#### What you are asked to do:
After finding the line that contains "涡街流量计-2.jpg" in the material below, print that line and all subsequent lines exactly, up to and including the last.

#### Input:
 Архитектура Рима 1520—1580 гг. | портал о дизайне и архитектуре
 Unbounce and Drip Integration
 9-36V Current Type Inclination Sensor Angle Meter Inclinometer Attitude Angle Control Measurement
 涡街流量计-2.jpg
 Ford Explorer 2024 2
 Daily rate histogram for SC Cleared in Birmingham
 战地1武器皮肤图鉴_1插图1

#### Solution:
 涡街流量计-2.jpg
 Ford Explorer 2024 2
 Daily rate histogram for SC Cleared in Birmingham
 战地1武器皮肤图鉴_1插图1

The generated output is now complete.